_The data_
::::::::
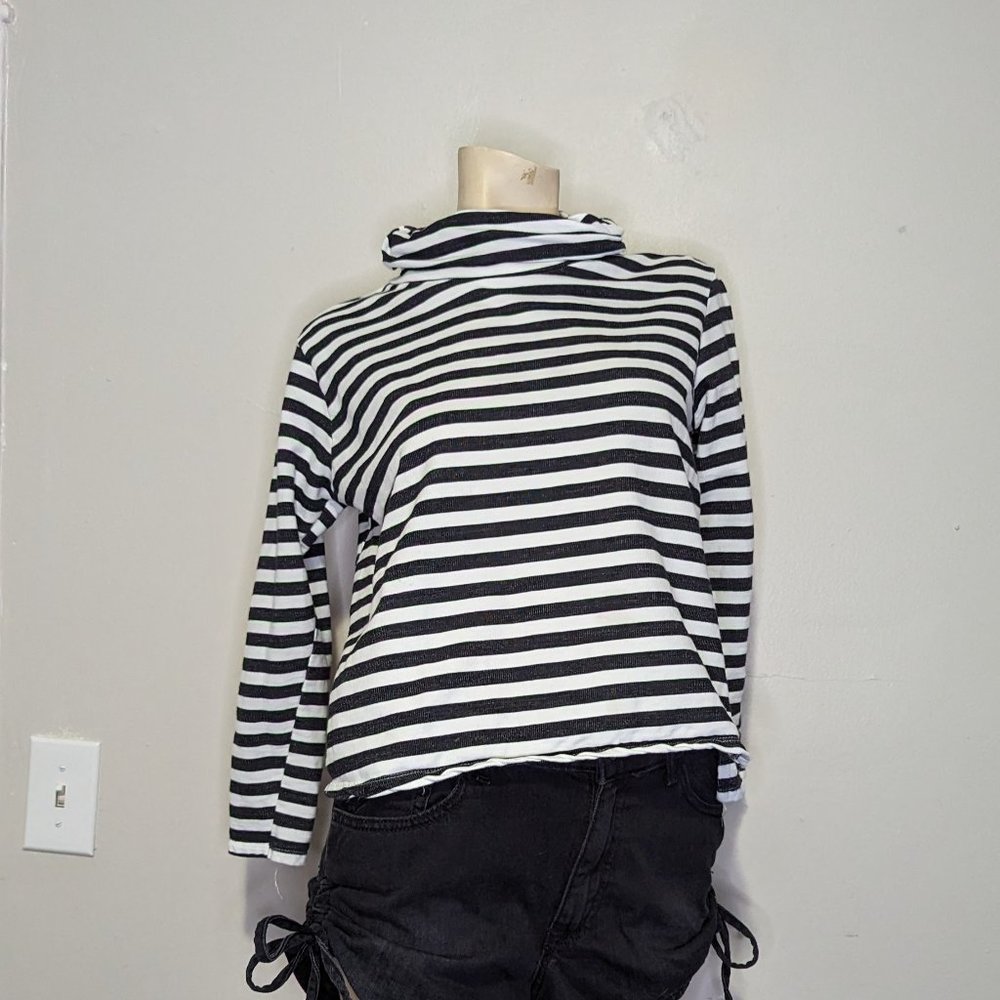St. John's Bay Black and White Striped Cotton Turtleneck PS EUC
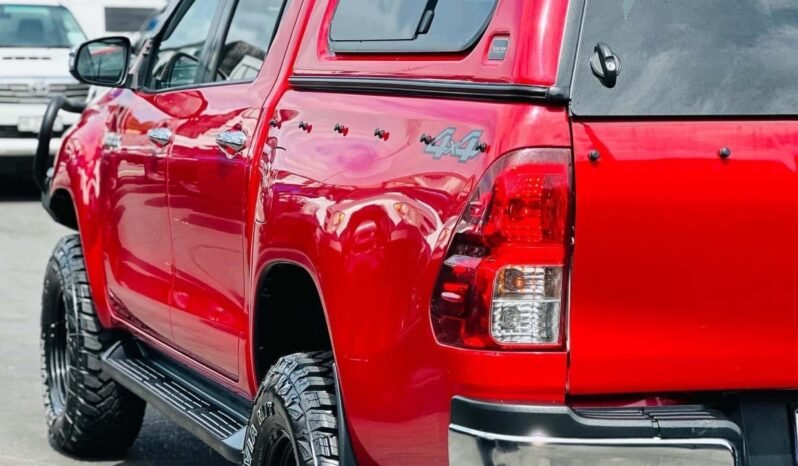 
								2016 Toyota Hilux full									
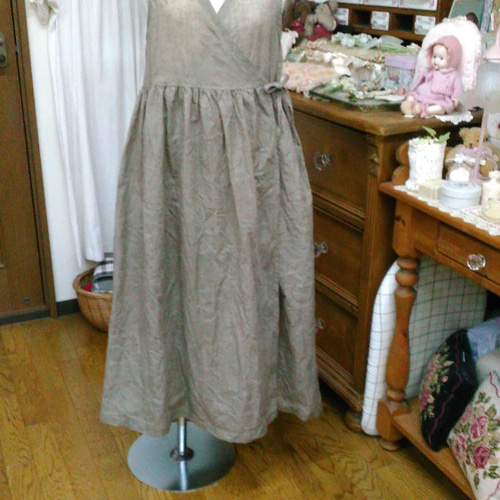 ノースリーブのカシュクールワンピース（生成のみ） ワンピース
::::::::
_Your task_
Please transcribe the whole listing above exactly, with the images left out.

_Output_
St. John's Bay Black and White Striped Cotton Turtleneck PS EUC
								2016 Toyota Hilux full									
 ノースリーブのカシュクールワンピース（生成のみ） ワンピース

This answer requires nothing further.